After listening to news about health care, the Russia investigation and the media controversies, I found Thursday’s golf headline to be refreshing: Jim “Bones” Mackay is going into television.
OK, maybe it’s not monumental world news, but it’s a clear victory for NBC and Mackay.
After 25 years on the bag of Phil Mickelson, Mackay should provide keen insight as an on-course reporter, beginning with the British Open in two weeks. He participated in more than 500 tournaments, including 41 of Mickelson’s 42 PGA Tour victories, dating to 1993.
No golfer or caddie brings that level of experience to a broadcast, some of which Mackay displayed in limited duty in front of the camera two years ago at the RSM Classic.
Yet, the change in responsibilities inside the ropes will not be as easy as it might appear.
Every player who has made the transition to broadcasting has offered plenty of tournament experience and knowledge about how the game is played at the highest levels. Few have been able to dispense candid insight about another player or caddie.
“There’s a period of adjustment,” said a current TV analyst, who played on the Tour for more than 20 years and spoke on the condition of anonymity. “You start out both as a player and a broadcaster, sometime being very reticent to say something that may be offensive. There will be a time when he will no longer be a caddie and a broadcaster.”
Lanny Wadkins was one of the most witty and interesting personalities in golf, which seemed to make his transition from a player into the tower with Jim Nantz at CBS an ideal match.
It didn’t work, mainly because Wadkins wasn’t himself and was unwilling to be critical of his former Tour colleagues. He didn’t voice his opinions.

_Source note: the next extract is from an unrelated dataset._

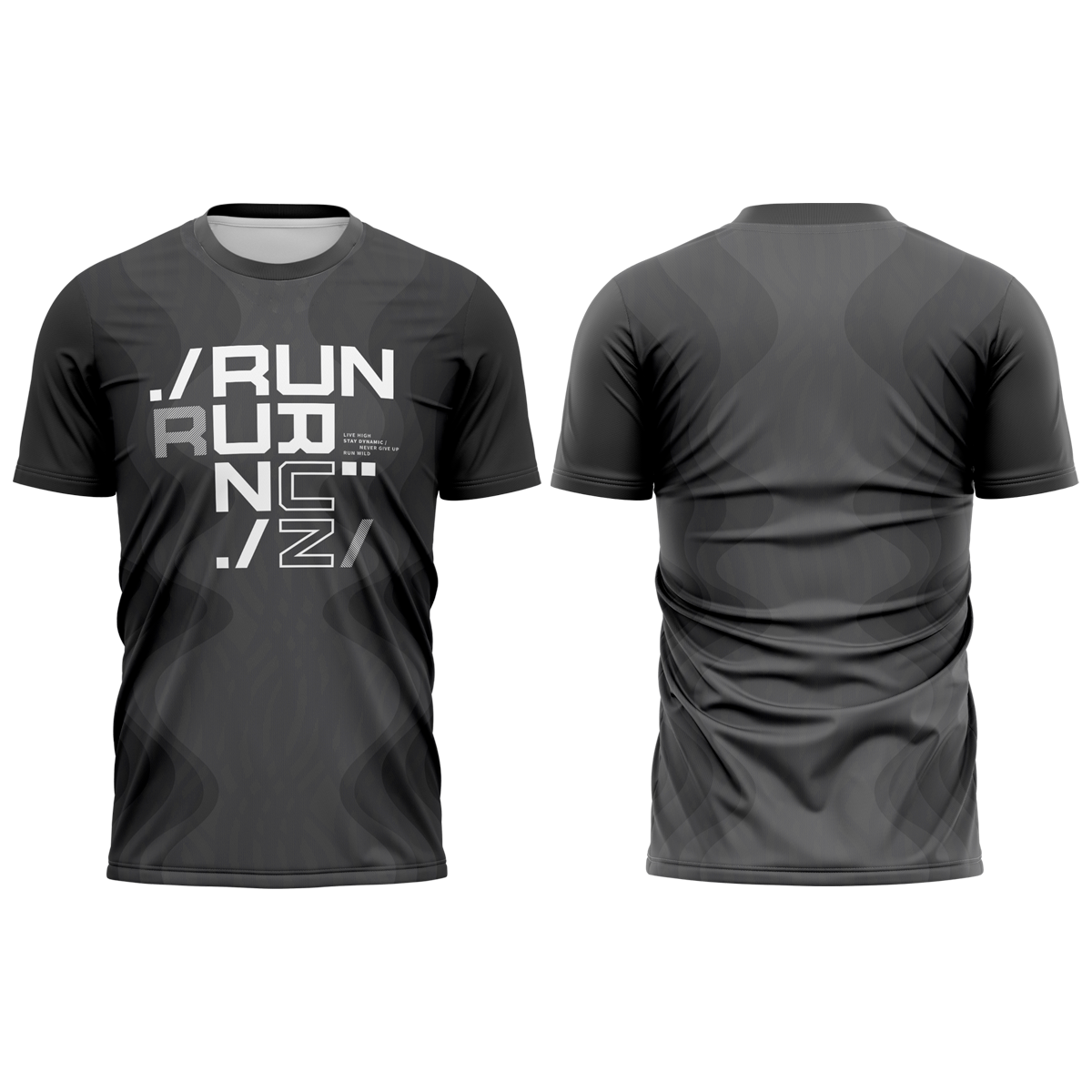 Camiseta Dry-Fit Corrida Proteção UV50+ Camisa Masculina Esportiva Running Correr Academia Treino Cinza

Wadkins was booted out and now is on Golf Channel coverage of the PGA Champions Tour, where he is more insightful and critical of the play that he is paid to analyze.
Can Mackay, who did not rule out future caddie jobs, be critical of the same players for whom he might loop in future weeks? If he picks up an occasional bag, the transition to TV could be more difficult, and viewers might not get his unvarnished insights.
Many reporters and analysts who cover golf on TV say the move from one job to another takes 1-2 years to become comfortable and fully transitioned. That means Mackay, 52, could be a potentially fine wine, but we would have to wait until he is fully uncorked.
According to those same TV reporters, Mackay will benefit from not being in the 18th-hole tower, unlike Wadkins, who needed to offer an opinion. Mackay will be on the ground reacting and reporting about what he sees, with few opinions.
So much of the golf community rushed to congratulate Mackay via Twitter. It could prove to be well deserved, but let’s give it some time before we assess whether the move is a success or a failure.
Good luck, Bones. At least the microphone will be much lighter than Mickelson’s golf bag.